Profesor universitario. Dirigente político. Secretario General de Vanguardia Popular.

Rafael Venegas | Al salir de la estación Petare, apenas terminar de ascender los 46 peldaños de la escalera fija –las eléctricas, a su lado, permanecen destartaladas desde hace largo tiempo, como un monumento a la desidia, a la corrupción y al desprecio hacia la gente, especialmente hacia los adultos mayores, los discapacitados y las embarazadas–, mis ojos se toparon con su figura grácil: joven de una juventud que quizás puede alcanzar los veinte años, alta, con una esbeltez bien delineada que es mitad contextura y mitad hambre, el rostro oblongo y el cuello estirado, ni bonita ni fea pero de atractivo magnético, el cabello recogido en una cinta coronada por un lazo, un pantalón corto deja libres sus piernas espigadas y una blusa sin mangas y de tela ligera exhibe al sol sus brazos descarnados, sus hombros huesudos y su pecho de marimba; todo el cuerpo arropado por una tez canela permutada en traslúcida.

Allí está, detenida en la puerta del subterráneo devenido rancho ambulante, con sus ojos grandes del color de la miel y una mirada enigmática que parece atravesar el tumulto meridiano sin apenas rozarlo. En su brazo derecho exhibe los confites, en el izquierdo sostiene una hermosa niña pegada al cono de la teta como una prolongación de su propia delgadez, y de su boca grande, de labios delgados y dentadura blanco leche que amamanta, emana el pregón que procura los clientes para su mercadería: chupetas, caramelos y barras de menta. Alimenta a su hija al mismo tiempo que trabaja y parece meditar, como extendiendo la vista intentando atisbar el horizonte de su historia. Confirmo una vez más que las mujeres están mejor concebidas por la vida para realizar con eficacia varias actividades de manera simultánea.
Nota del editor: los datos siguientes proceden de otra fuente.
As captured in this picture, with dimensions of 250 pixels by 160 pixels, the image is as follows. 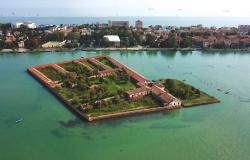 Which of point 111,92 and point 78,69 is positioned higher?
point 78,69

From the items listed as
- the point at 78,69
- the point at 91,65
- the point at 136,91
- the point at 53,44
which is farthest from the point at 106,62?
the point at 53,44

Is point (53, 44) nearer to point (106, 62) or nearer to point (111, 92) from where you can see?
point (106, 62)

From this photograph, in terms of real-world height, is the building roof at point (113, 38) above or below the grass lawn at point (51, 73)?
above

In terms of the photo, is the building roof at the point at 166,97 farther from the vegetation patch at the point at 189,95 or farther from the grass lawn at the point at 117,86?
the grass lawn at the point at 117,86

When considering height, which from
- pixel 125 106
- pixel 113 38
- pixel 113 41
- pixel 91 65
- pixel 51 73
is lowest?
pixel 125 106

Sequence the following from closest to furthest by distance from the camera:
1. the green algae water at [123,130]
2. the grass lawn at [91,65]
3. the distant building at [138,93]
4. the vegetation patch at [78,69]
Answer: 1. the green algae water at [123,130]
2. the distant building at [138,93]
3. the vegetation patch at [78,69]
4. the grass lawn at [91,65]

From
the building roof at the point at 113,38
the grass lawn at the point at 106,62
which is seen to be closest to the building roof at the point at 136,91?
the grass lawn at the point at 106,62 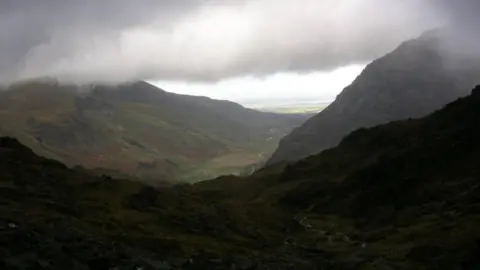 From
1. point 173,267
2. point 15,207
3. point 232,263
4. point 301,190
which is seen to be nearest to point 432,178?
point 301,190

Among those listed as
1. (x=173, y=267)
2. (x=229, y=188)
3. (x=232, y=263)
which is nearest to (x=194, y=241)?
(x=232, y=263)

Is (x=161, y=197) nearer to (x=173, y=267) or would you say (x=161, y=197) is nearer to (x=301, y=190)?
(x=301, y=190)

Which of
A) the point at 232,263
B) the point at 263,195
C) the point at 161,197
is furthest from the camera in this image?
the point at 263,195

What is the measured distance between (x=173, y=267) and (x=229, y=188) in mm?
114062

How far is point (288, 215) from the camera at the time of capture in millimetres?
118438

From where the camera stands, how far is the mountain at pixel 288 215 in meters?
59.0

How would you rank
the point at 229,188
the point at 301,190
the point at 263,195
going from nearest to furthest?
the point at 301,190, the point at 263,195, the point at 229,188

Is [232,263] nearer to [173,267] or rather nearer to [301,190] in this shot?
[173,267]

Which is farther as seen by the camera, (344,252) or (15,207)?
(344,252)

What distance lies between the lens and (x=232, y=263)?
6269cm

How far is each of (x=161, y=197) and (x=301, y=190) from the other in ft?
129

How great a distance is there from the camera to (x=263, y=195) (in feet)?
478

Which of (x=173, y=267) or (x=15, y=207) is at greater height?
(x=15, y=207)

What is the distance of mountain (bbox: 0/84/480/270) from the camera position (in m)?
59.0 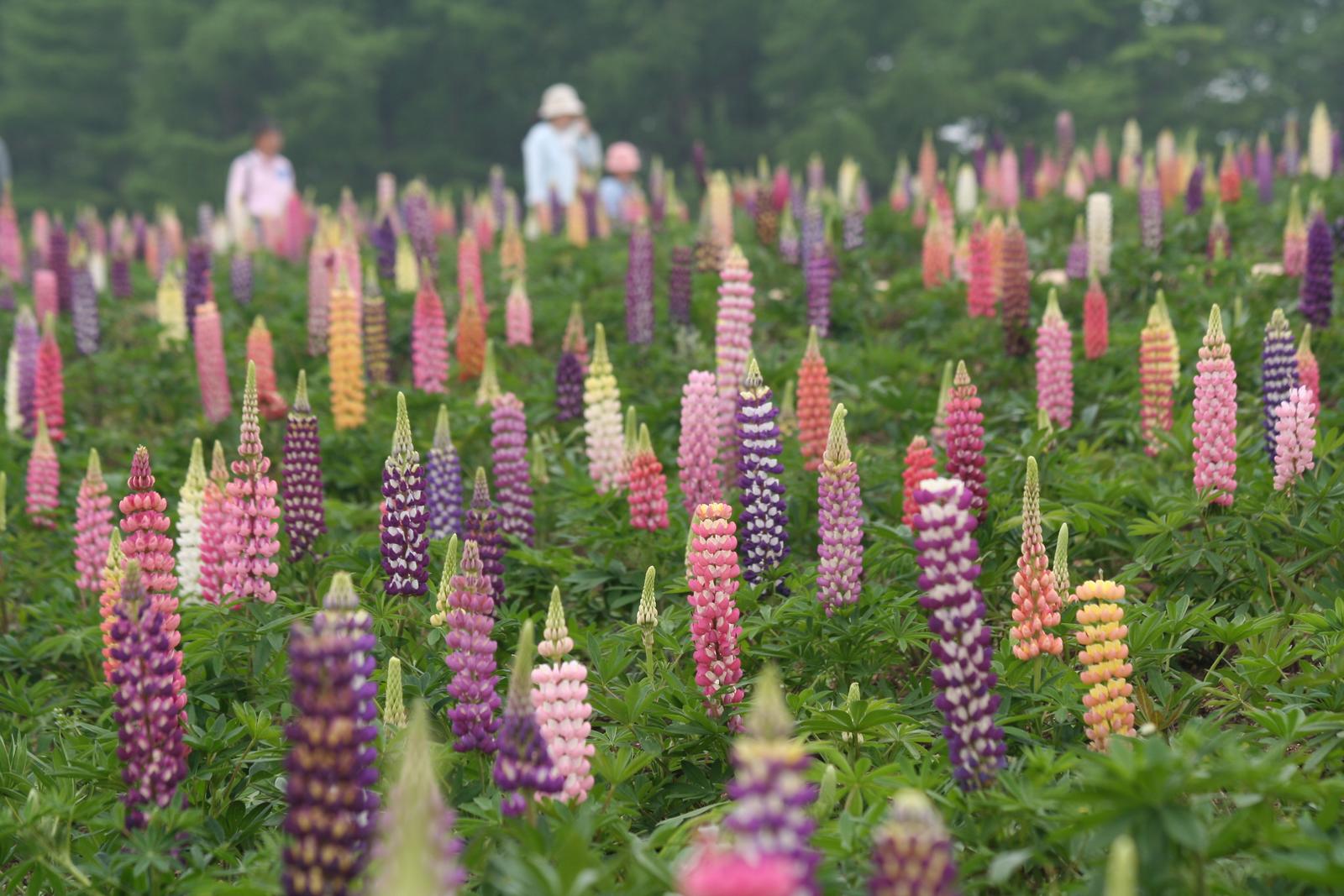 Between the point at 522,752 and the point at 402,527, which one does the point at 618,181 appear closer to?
the point at 402,527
El cuadro que observo me conmueve y no puedo evitar recordar que “el comandante supremo”, en uno de sus tantos arrebatos delirantes, dibujaba con pinceles de gloria la fisonomía de los “hijos de la revolución”: salud, educación, trabajo, cultura, deporte, buen vivir, progreso y un horizonte abierto para ir al asalto del futuro. Demagogia. Grandilocuencia. Pero como bien dice el refrán que la lengua es el castigo del cuerpo, pienso entonces que esta muchacha veinteañera, tempranamente madre, forzosamente apartada de los estudios, de la aventura juvenil que aspira tragarse el mundo, lanzada a la calle en procura del pan para su retoño, es una hija legítima de la “revolución”. Si no fuera esta imagen una síntesis de la vida concreta, bien podría ser una pintura titulada “Niña-madre con niña-hija en brazos”, o “Madre-niña amamantando con el sudor del trabajo”.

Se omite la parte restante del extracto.